How Have Computers Continued to Get Faster?
Computer processors are all made up of transistors—they’re what enable computers to perform “logical operations,” which means to compare and manipulate numbers. If you combine enough of them, you eventually get where we are today: computers that can record audio, take and process photos, do math, render video games, and even talk to us.
Generally speaking, the more transistors you have, the “smarter” and more capable your computer will be.
When transistors were first invented (around 1950), a single transistor was about 2 centimeters (nearly 1 inch) across and looked more like a prop from a sci-fi horror movie than a functional piece of technology. Today, things are different. Modern transistors are generally less than 60 nanometers (a nanometer is one billionth of a meter) across, which is a size reduction roughly equivalent to shrinking the moon down to the size of a lemon.
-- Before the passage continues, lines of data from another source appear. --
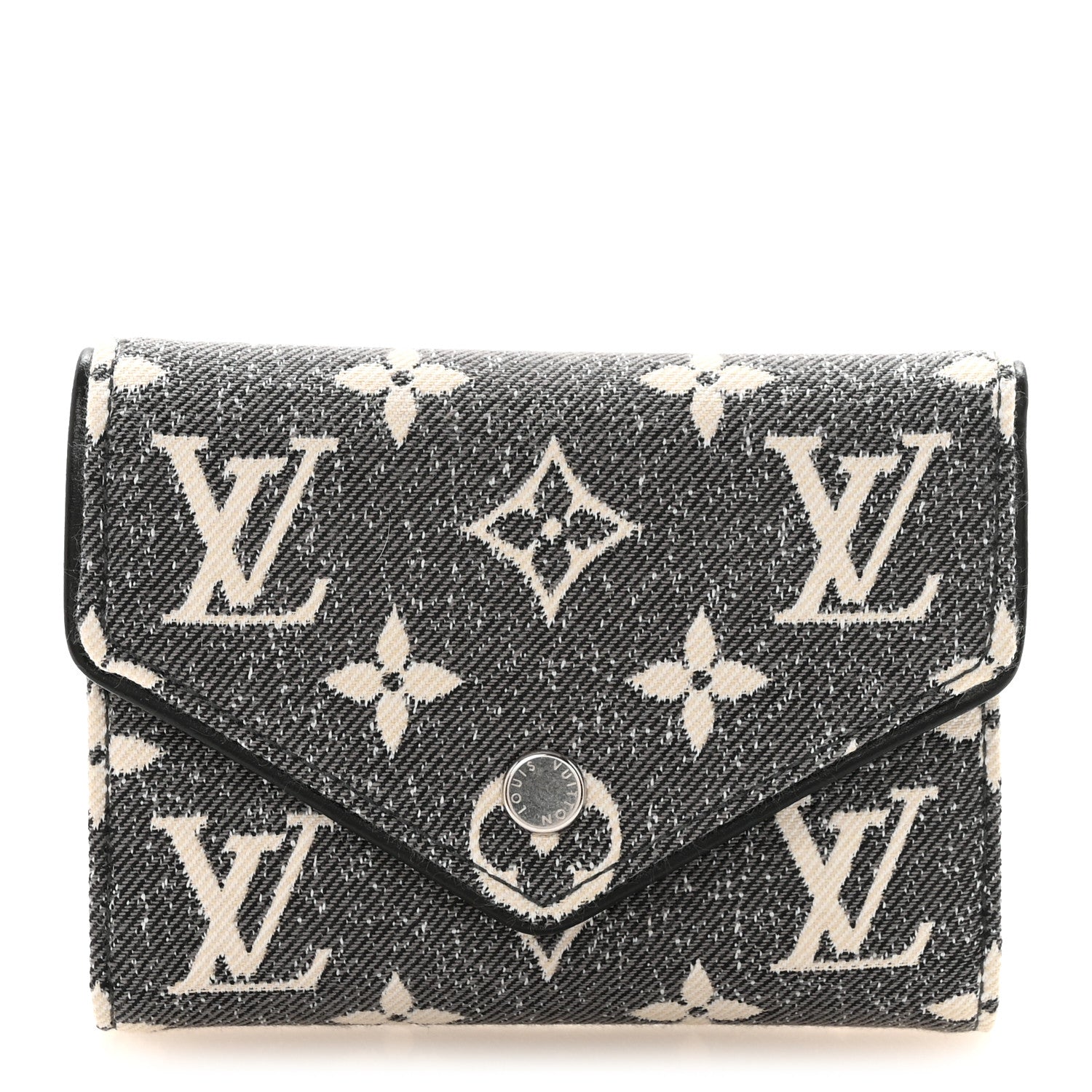 Louis Vuitton Denim Monogram Jacquard Victorine Wallet Grey 1 of 6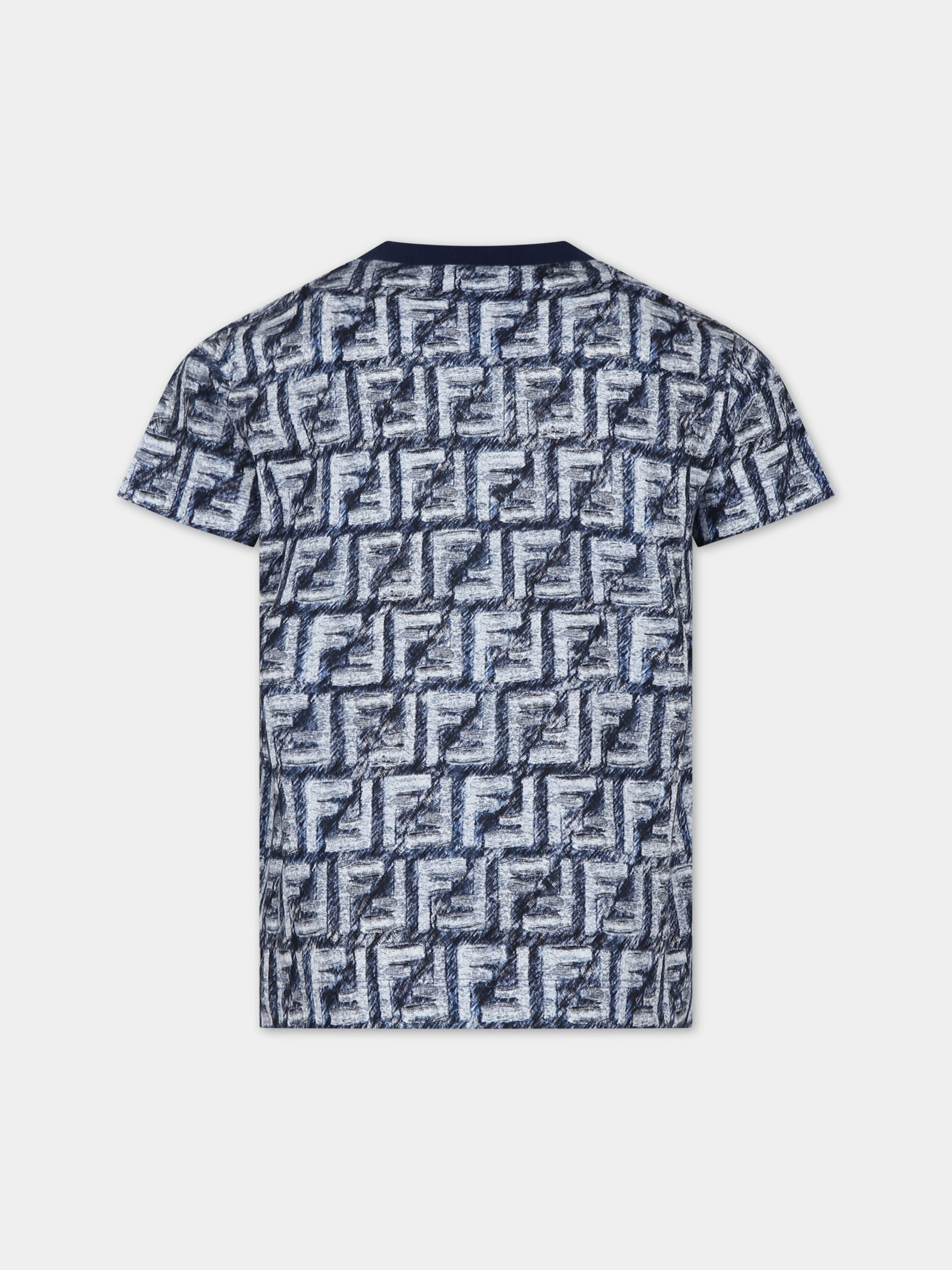 T-shirt blu per bambino con iconiche FF,Fendi Kids,JMI451 AQTS F04V6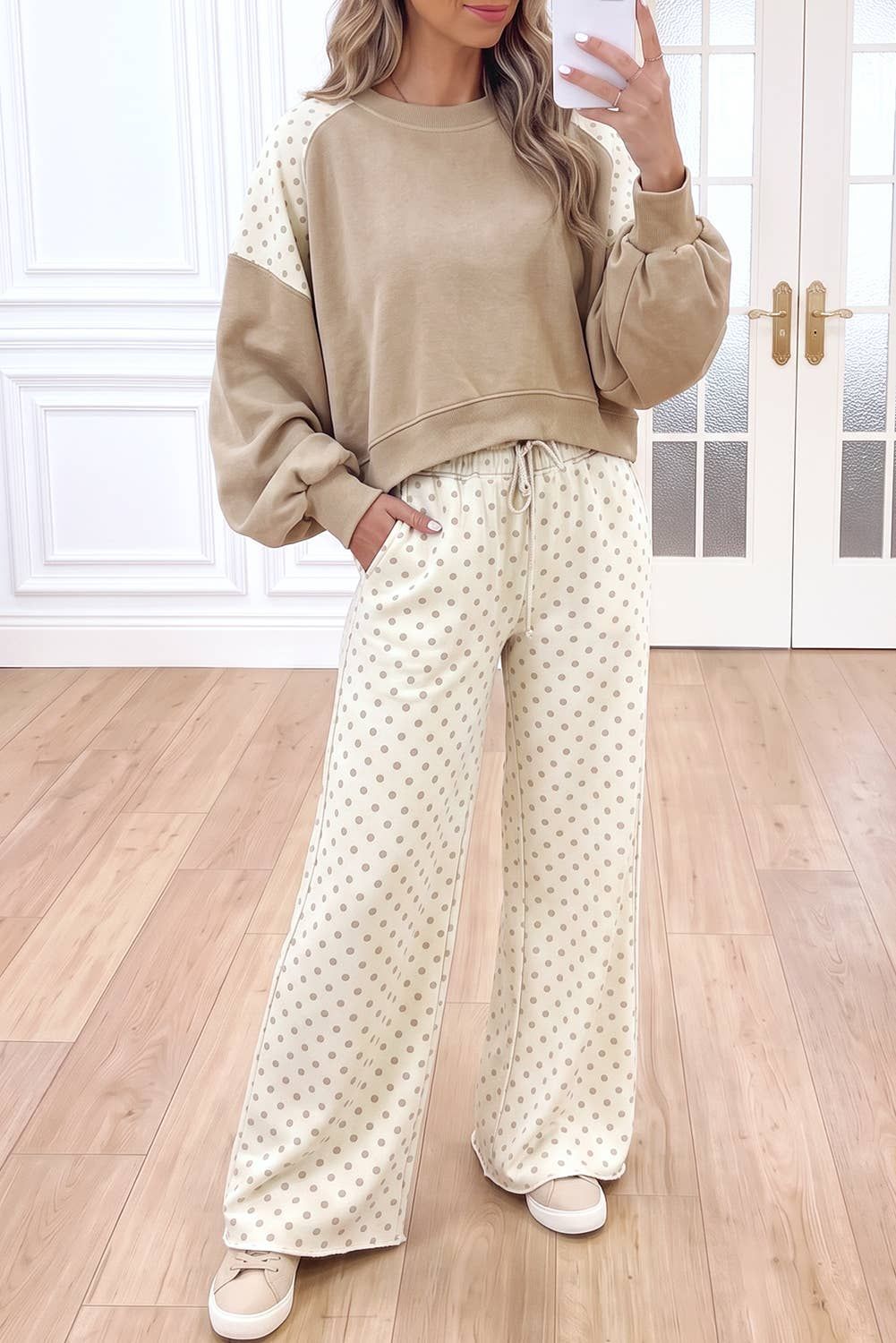 Polka Dot Colorblock Casual  Pants Set, Color: Khaki, Size: S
Transistors have been shrinking reliably since they were first invented, such that the number of transistors we can cram into a given area doubles roughly every 18–24 months, a phenomenon commonly called Moore’s Law.
We can now pack billions of transistors into a microprocessor the size of a coin, and that has enabled computers to change from enormous machines that occupied entire buildings into devices small enough to be carried around in your pocket. But there’s a problem: transistors are getting too small.
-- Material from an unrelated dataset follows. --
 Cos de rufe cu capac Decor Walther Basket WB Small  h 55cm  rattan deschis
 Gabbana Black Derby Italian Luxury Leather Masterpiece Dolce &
Why Can’t Transistors Keep Getting Smaller?
As transistors get smaller, they become increasingly difficult to manufacture reliably. Even the best methods available result in waste, though that isn’t always a terrible thing. For example, if you’re trying to manufacture a 16-core CPU and only half of the cores wind up working, you can just disable the defective cores and sell it as an 8-core CPU—no harm done.
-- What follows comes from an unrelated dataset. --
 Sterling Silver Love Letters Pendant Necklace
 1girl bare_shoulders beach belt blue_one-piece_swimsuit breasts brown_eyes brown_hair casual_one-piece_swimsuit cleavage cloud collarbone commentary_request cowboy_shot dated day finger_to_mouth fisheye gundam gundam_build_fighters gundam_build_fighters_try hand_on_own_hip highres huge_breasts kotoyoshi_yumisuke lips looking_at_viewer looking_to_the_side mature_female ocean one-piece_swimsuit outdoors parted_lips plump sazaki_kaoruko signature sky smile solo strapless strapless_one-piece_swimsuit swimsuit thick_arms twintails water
However, sometimes the defects impact something critical, and the entire thing has to be thrown out. As transistors have gotten smaller, this problem has gotten more severe.
Beyond just manufacturing concerns, a peculiar effect from quantum mechanics—quantum tunneling—becomes problematically common when you’re talking about nanoscale circuits. Quantum tunneling results in electrons sometimes going places they normally wouldn’t be able to, and that makes it difficult to create processors that function reliably.
Chips can get wider to accommodate more transistors, but that seriously aggravates the manufacturing challenge, and makes designing the microchips all the more complicated.
The combination of increased manufacturing difficulty and the fundamental limits of physics have nearly taken us to the end of Moore’s law, but with the ever-present demand for better, smarter, and faster computers, where do we go?
3D Transistors Are Coming to Save Moore’s Law
Transistors on a chip are a bit like an island city of single-story buildings. You can only make the buildings so small before they’re unusable, and since you’re on an island, you can’t sprawl outwards forever. Just like island cities, modern transistors are being designed to take advantage of vertical space. Instead of attaching them in a flat plane, they can be arranged vertically together to allow for “stuff” to be arranged into the same footprint.
CFET is one 3D design that we’re likely to see by the early 2030s or so.
Scaling,” S. Liao et al, TSMC)
However clever we may be with the designs of transistors going forward, there is no avoiding the fact that the end of Moore’s Law is approaching sooner than anyone would like. 3D transistors are one way we have to temporarily skirt the problem, but they’re only part of the picture. There is a greater emphasis on designing processors that excel at specific tasks—like neural processing units (NPUs) with AI applications—to maximize performance. There is also the possibility that new materials will have better properties that allow next-generation transistors to shrink even further, or that a breakthrough in quantum computing will make them more useful for everyday applications, but there are no guarantees. Those are options that may ultimately be limited by the laws of physics.